Apesar de saltar agora à vista no panorama nacional pelo feito do Caldas, Pedro Emanuel já foi, no passado, figura maior nos jogos virtuais. O avançado estava ao serviço do Marinhense no início dos anos 2000 quando era promessa no Championship Manager – versão anterior ao atual Football Manager. O próprio explica.

«Eu também era um dos viciados. E era dos bons jogadores. Amigos meus iam buscar-me e conseguiam títulos comigo. E mesmo com o Hugo Pinheiro, colega meu no Marinhense. Uma vez, numa estação de serviço, fomos interpelados por uma equipa de miúdos. Entraram no autocarro a perguntar quem nós éramos e a pedir autógrafos. Queriam falar e estar connosco (risos)».

Esse bom jogador virtual, que passou por Marinhense, Monsanto, Sp. Pombal, Fátima, União de Leiria e Peniche, nunca chegou aos campeonatos profissionais. A meias com o arrependimento de não ter optado por ter empresário na carreira «por orgulho», fala em «situações hipotéticas» quando acredita que podia ter jogado a um nível superior. «Não adianta pensar», remata.

Pedro Emanuel ao lado de Juvenal, colega de equipa que está lesionado, no final do encontro com o Farense (Foto: Caldas SC)

Jamor? «Tão perto e tão longe»

É assim que Pedro Emanuel vê o palco da final para o Caldas. Após uma eliminatória que o deixou «cansado» de sobra. «Quando cheguei a casa adormeci. Queria era pôr-me de lá a andar, começámos a jantar tão tarde. Mas, quando acordei, as chamadas eram tantas, as mensagens... e vinha-me tudo à cabeça. Passei um dia fora do normal», conta.

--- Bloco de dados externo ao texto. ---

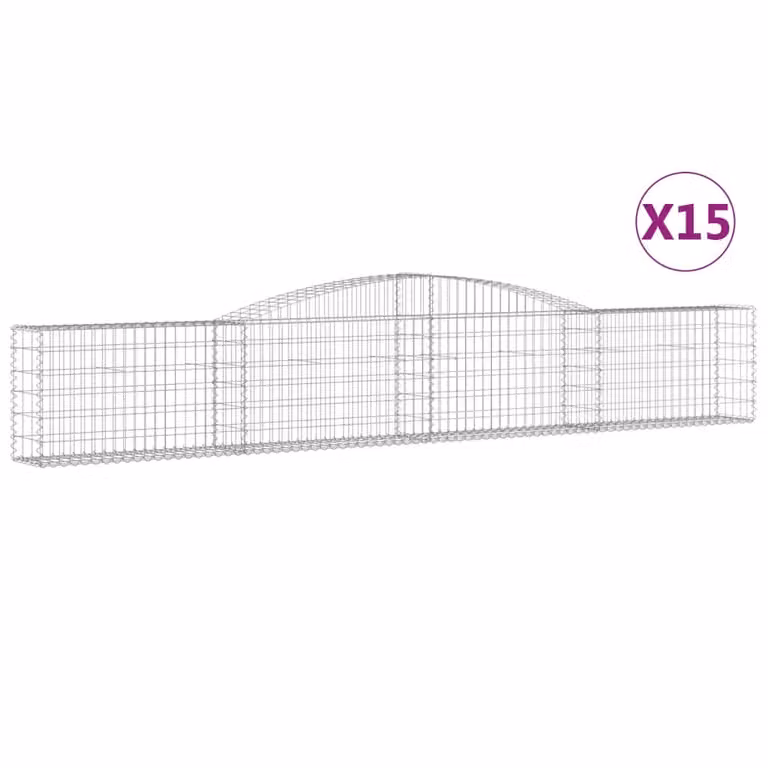 Cesti Gabbioni ad Arco 15 pz 400x30x60/80 cm Ferro Zincato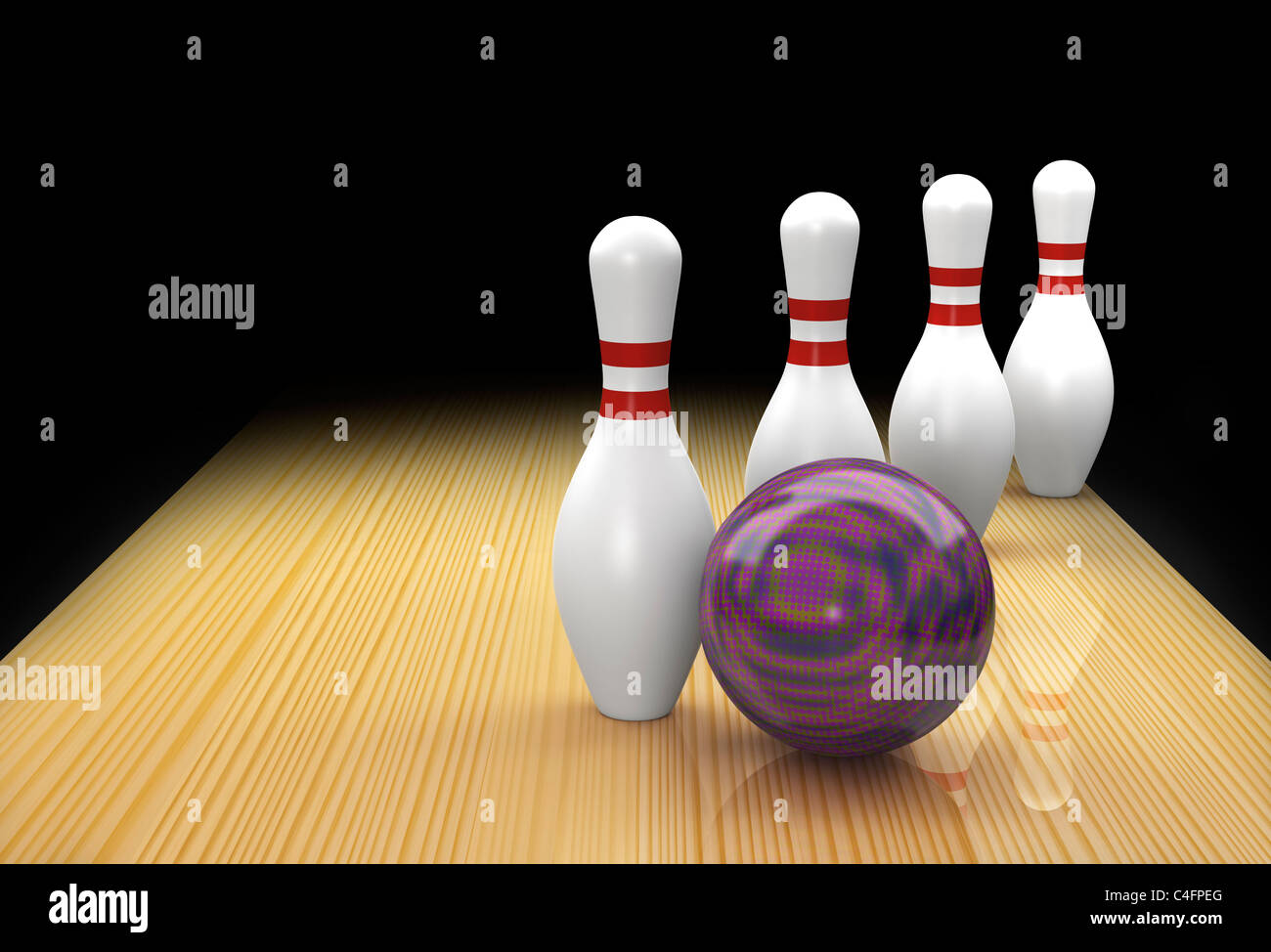 Ten pin bowling lane con sfera di malva in azione il prelievo di uno stendibiancheria di ricambio su sfondo nero Foto Stock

Para o atual sexto classificado da série D do CP, segue-se, a duas mãos, o Desportivo das Aves. Ultrapassados Lourinhanense, Ol. Montijo, Cesarense, Arouca, Académica e Farense, segue-se «uma equipa fortíssima» da Liga. «Vi o jogo do Sporting com o Aves e ainda fiquei mais com a ideia que será muito difícil. E foram buscar mais um jogador campeão nacional, o Artur Moraes», comenta. Contudo, Pedro afiança que «não há impossíveis».

Antes do primeiro braço de ferro na Vila das Aves, a 28 de fevereiro, foco no campeonato. Afinal, a manutenção é o primeiro e imperial objetivo da época. «Estamos numa série forte, competitiva. Não há equipas fracas. Fizemos 23 pontos, mas estamos a três de descer. Está tudo junto. Queremos a manutenção e quando conseguirmos, talvez, redefinir objetivos», antecipa.

Depois, venha o «sonho de fadas».

«Tudo faremos para que a nossa história não acabe nas meias-finais».